The Last to Surrender

By early May, the bread had run out, the water supply was damaged, and radio reports brought only bad news. The Allies had retreated from Andalsnes. The Dovre Line had fallen. The Norwegian 4th Brigade in Western Norway had surrendered. On 3 May, Colonel Ole Berg Getz broadcast a message advising all Norwegian forces in Trondelag to lay down their arms. Hegra Fortress was the last remaining pocket of resistance in all of southern Norway. On 4 May, the garrison began destroying its weapons, radios, and documents. The three Swedish volunteers were guided to the border by a ski patrol.

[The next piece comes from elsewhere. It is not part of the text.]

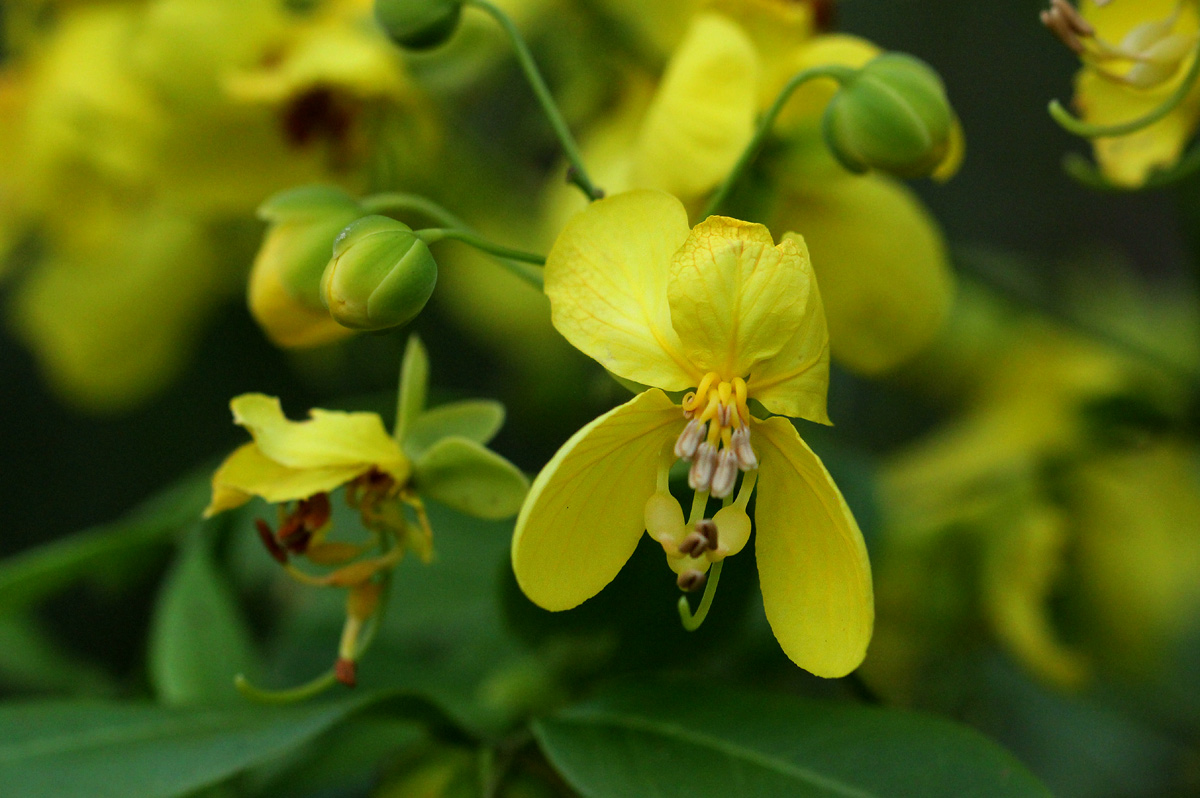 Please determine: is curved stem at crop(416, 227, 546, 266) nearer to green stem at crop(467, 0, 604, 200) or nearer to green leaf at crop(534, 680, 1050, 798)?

At the formal surrender on 5 May, 190 men and one woman marched out of the fortress into captivity. They were force-marched to a prisoner-of-war camp at Berkak. Later that month, Adolf Hitler personally ordered the release of the Norwegian prisoners, acknowledging the defense they had mounted. Post-war Norwegian estimates claimed over 1,100 German casualties, but later research put the figure at 150 to 200 killed or wounded.

From the Air

Located at 63.45N, 11.16E in the Stjordalen valley, Hegra village, Stjordal Municipality. The fortress sits on a hilltop above the village and is identifiable by its cleared perimeter and museum buildings. Best viewed at 2,000-3,000 ft AGL. Nearest airport: Trondheim Airport Vaernes (ENVA), approximately 12 nm west. The Stjordalen valley and E14 highway provide strong visual references. Vaernes Air Station, significant in the battle narrative, is visible to the west.